Now, I have given some general background but will address the points given specifically:
Using the EventFD as a synchronization mechanism is largely a bad idea, you will find yourself using a fair amount of unneeded CPU time and it is very hard to perform any synchronization. Particularly if you have multiple threads pick up the same file descriptor you could have major problems. This is in effect a nasty hack that will work sometimes but is no real substitute for proper synchronization.
It is also a bad idea to try and offload the receive as explained above, you can get around the issue with complex IPC but frankly it is unlikely receiving IO will take enough time to stall your application, your IO is also likely much slower than CPU so receiving with multiple threads will gain little. (this assumes you do not say, have several 10 gigabit network cards).
Using mutexes or locks is a silly idea here, it fits much better into lockless coding given the low amount of (simultaneously) shared data, you are really just handing off work and data. This will also boost performance of the receive thread and make your app far more scalable. Using the functions mentioned here http://gcc.gnu.org/onlinedocs/gcc-4.1.2/gcc/Atomic-Builtins.html you can do this nice and easily. If you did do it this way, what you would need is a semaphore, this can be unlocked every time a packet is received and locked by each thread which starts a job to allow dynamically more threads in if more packets are ready, that would have far less overhead then a homebrew solution with mutexes.
There is not really much difference here to any thread pool, you spawn a lot of threads then have them all block in mq_receive on the data message queue to wait for messages. When they are done they send their result back to the main thread which adds the results message queue to its epoll list. It can then receive results this way, it is simple and very efficient for small data payloads like pointers.

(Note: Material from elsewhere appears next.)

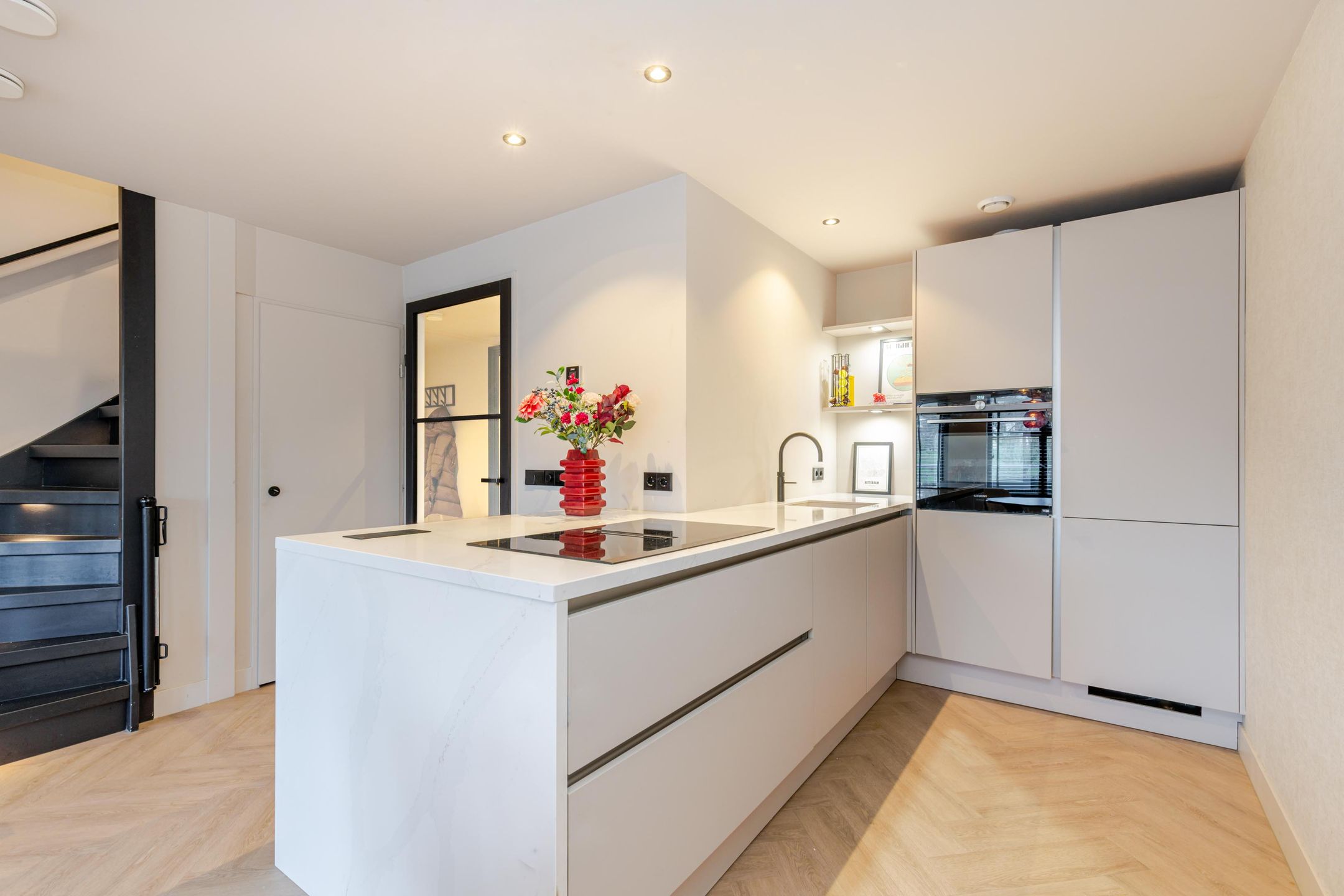 Foto 3 van Mattenbiesstraat 50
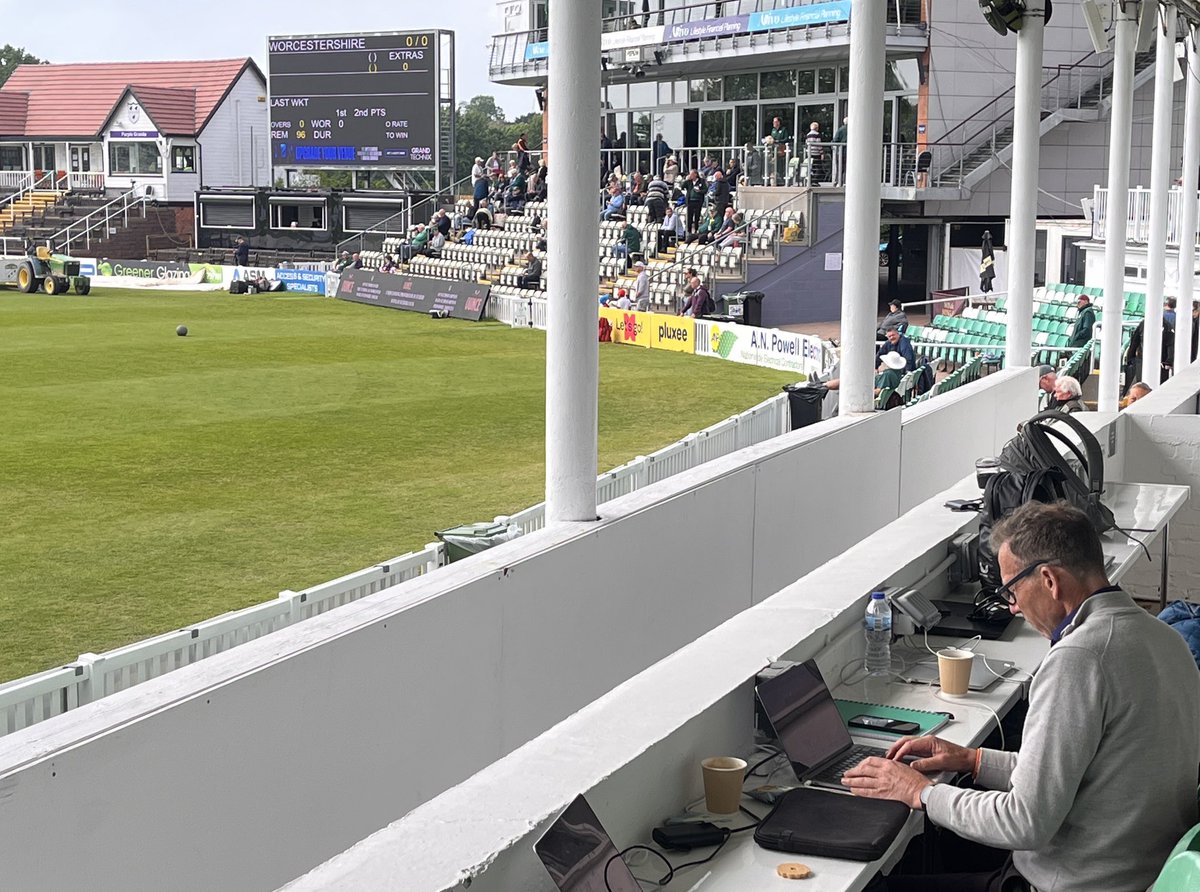 Darren Stevens tweet media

This will also use little CPU and not force the main thread to waste time managing workers.
Finally your edit is fairly sensible, except for the fact as I ave suggested, message queues are far better than pipes here as they very efficiently signal events , guarantee a full message read and provide automatic framing.
I hope this helps, however it is late so if I missed anything or you have questions feel free to comment for clarification or more explanation.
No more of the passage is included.